Syn zamordowanego kilkakrotnie podkreślał też, że w domu ojca nie przechowywano cennych kosztowności i dużych sum pieniędzy. Jak wynika z akt sprawy, w wyniku napadu z willi w Aninie zginęło 5 tys. marek niemieckich, pięć złotych monet oraz damski zegarek.
Andrzej Jaroszewicz poddawał w wątpliwość motyw rabunkowy zbrodni. Wskazywał, że nawet biżuteria żony byłego premiera, która leżała na wierzchu, nie została skradziona. Nie wykluczył przy tym, że podczas napadu z gabinetu Jaroszewicza mogły zginąć jednak dokumenty obciążające niektórych polityków.
"Niebezpieczna wiedza" i zaginiony rękopis
Sąd pytał Jaroszewicza, kogo miał na myśli, zeznając przed laty jeszcze w śledztwie prokuratorskim, że jego ojciec mógł narazić się niektórym ludziom. - Dzisiaj mogę to ujawnić. Myślałem o gen. Kiszczaku i gen. Jaruzelskim – powiedział syn zamordowanego premiera PRL. Dodał, że jego ojciec posiadał wiedzę o poszczególnych ludziach "którzy sprzeniewierzyli się pewnym zasadom, o agenturze w środku władz". Jego zdaniem, była to wiedza dla Piotra Jaroszewicza bardzo niebezpieczne.
W tym kontekście zauważył, że jego ojciec przed śmiercią pracował nad drugim, poprawionym wydaniem książki pt. "Przerywam milczenie" (wywiad rzeka byłego premiera PRL z Bohdanem Rolińskim). Sugerował, że mogły znaleźć się tam informacje niewygodne dla wielu polityków.

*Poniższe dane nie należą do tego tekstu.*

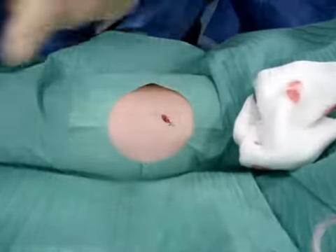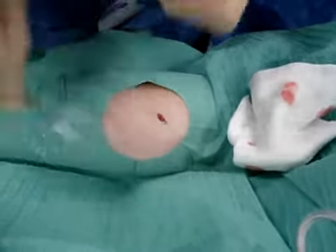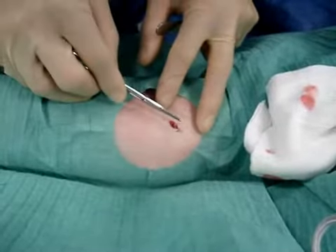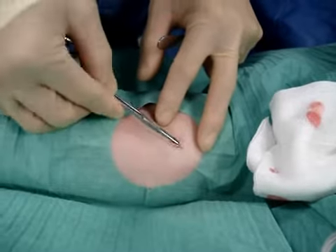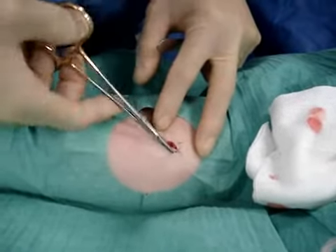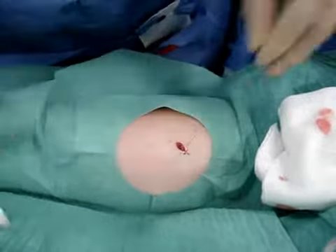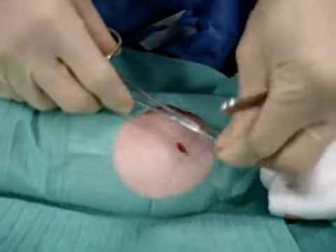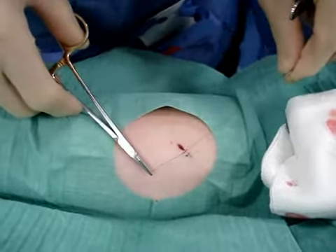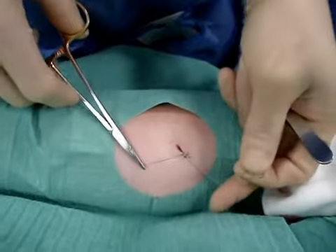You enter the skin at the right angle, holding it using a palming method. You angle in, come out the same distance. The first knot is a double knot, so you do it twice — one, two. Then pull the skin together.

- Widziałem, że pracował nad książką, był to rękopis. Po zabójstwie tego rękopisu nie było – zeznał Andrzej Jaroszewicz.
Noc zbrodni w Aninie
Proces, w którym zeznawał w poniedziałek Jaroszewicz, toczy się w stołecznym sądzie od ponad roku. Chodzi o wyjaśnienie jednej z najgłośniejszych zbrodni lat 90. Doszło w nocy z 31 sierpnia na 1 września 1992 r.
Prokuratura oskarża Roberta S. o uduszenie Piotra Jaroszewicza oraz zastrzelenie jego żony Alicji Solskiej-Jaroszewicz. Dariusz S. i Marcin B. oskarżeni są o współudział w zabójstwie b. premiera. Robertowi S. zarzucono również zabójstwo małżeństwa S. w 1991 r. w Gdyni oraz usiłowanie zabójstwa mężczyzny w Izabelinie. Grozi im kara dożywotniego pozbawienia wolności.

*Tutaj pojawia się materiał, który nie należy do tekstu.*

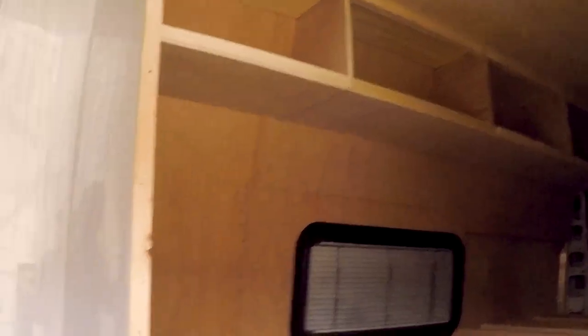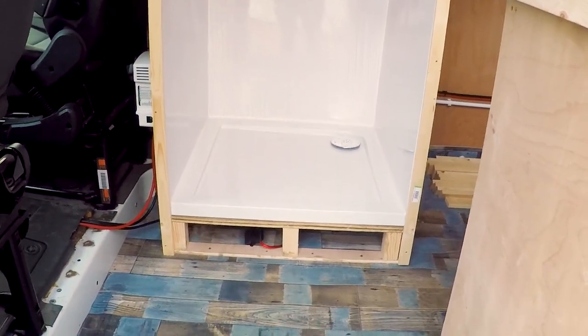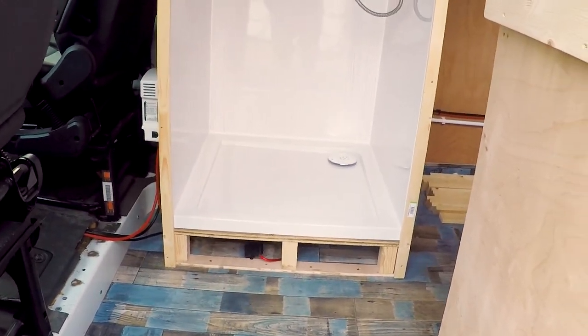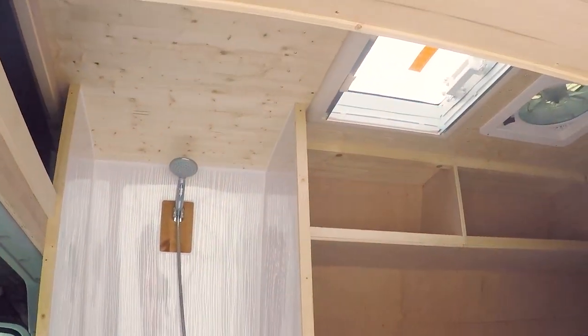So we've got the shower behind the driver's seat, just been finishing it off so there will obviously be a sort of face plate going on the base of the shower. He wanted to keep the insulation underneath the floor so the shower tray has not been mounted directly to the skin of the van, which is what I would normally do just to give you more head height. But it's about 2.1 metres in here so you've got masses of headroom.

Według prokuratury w dniu napadu oskarżeni przez wiele godzin obserwowali posesję ofiar. Po wejściu do domu Jaroszewiczów Robert S. obezwładnił Piotra Jaroszewicza uderzeniem w tył głowy znalezioną bronią palną. Następnie oskarżeni przywiązali mężczyznę do fotela.
Z kolei Alicja Solska–Jaroszewicz została skrępowana i położona na podłodze w łazience. Mężczyźni przeszukali dom, zabrali z niego - poza dwoma pistoletami - 5 tys. marek niemieckich, pięć złotych monet oraz damski zegarek.
Jak wskazuje prokuratura, prawdopodobnie w momencie opuszczania przez sprawców domu pokrzywdzonych, już wczesnym rankiem, Piotr Jaroszewicz wyswobodził się z więzów. Napastnicy znów posadzili go w fotelu. Następnie, gdy dwaj sprawcy trzymali go za ręce, Robert S. go udusił.
Według prokuratury, po zamordowaniu Piotra Jaroszewicza Robert S. zabrał z gabinetu pokrzywdzonego jego sztucer, poszedł do łazienki, w której leżała związana Alicja Solska-Jaroszewicz i miał ją zastrzelić.